Investigating behavioural mimicry in the context of stair/escalator choice
Article first published online: 11 MAR 2011
©2010 The British Psychological Society
British Journal of Health Psychology
Volume 16, Issue 2, pages 373–385, May 2011
How to Cite
Webb, O. J., Eves, F. F. and Smith, L. (2011), Investigating behavioural mimicry in the context of stair/escalator choice. British Journal of Health Psychology, 16: 373–385. doi: 10.1348/135910710X510395
- Issue published online: 13 APR 2011
- Article first published online: 11 MAR 2011
- Received 20 January 2010; revised version received 28 April 2010
Objectives. We investigated whether individuals mimic the stair/escalator choices of preceding pedestrians. Our methodology sought to separate cases where the ‘model’ and ‘follower’ were acquaintances or strangers.
Design. Natural experiment.
Methods. Infrared monitors provided a second-by-second log of when pedestrians ascended adjacent stairs/escalators in a mall. Manual timings established that stair climbers spent ≥ 7 s on ascent, during which time they could act as models to following pedestrians. Thus, individuals who mounted the stairs/escalator ≤ 7 s after the previous stair climber were assigned to a ‘stair model’ condition. A ‘no stair model’ condition comprised individuals with a gap to the previous stair climber of ≥ 60 s. The stair model condition was subdivided, depending if the gap between model and follower was 1–2 s or 3–7 s. It was hypothesized that the former cohort may know the model.

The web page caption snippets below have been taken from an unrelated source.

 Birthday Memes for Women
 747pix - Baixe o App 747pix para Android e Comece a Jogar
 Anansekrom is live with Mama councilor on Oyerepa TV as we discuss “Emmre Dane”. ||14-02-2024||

Results. Percentage stair climbing was significantly higher in the ‘stair model’ versus ‘no stair model’ condition (odds ratio [OR]= 2.08). Subgroup analyses showed greater effects in the ‘1–2 s’ cohort (OR = 3.33) than the ‘3–7 s’ cohort (OR = 1.39).
Conclusions. Individuals appear to mimic the stair/escalator choices of fellow pedestrians, with more modest effects between strangers. People exposed to message prompts at stair/escalator sites are known to take the stairs unprompted in subsequent situations. Our results suggest that these individuals could recruit a second generation of stair climbers via mimicry. Additionally, some of the immediate behavioural effects observed in interventions may be a product of mimicry, rather than a direct effect of the messages themselves.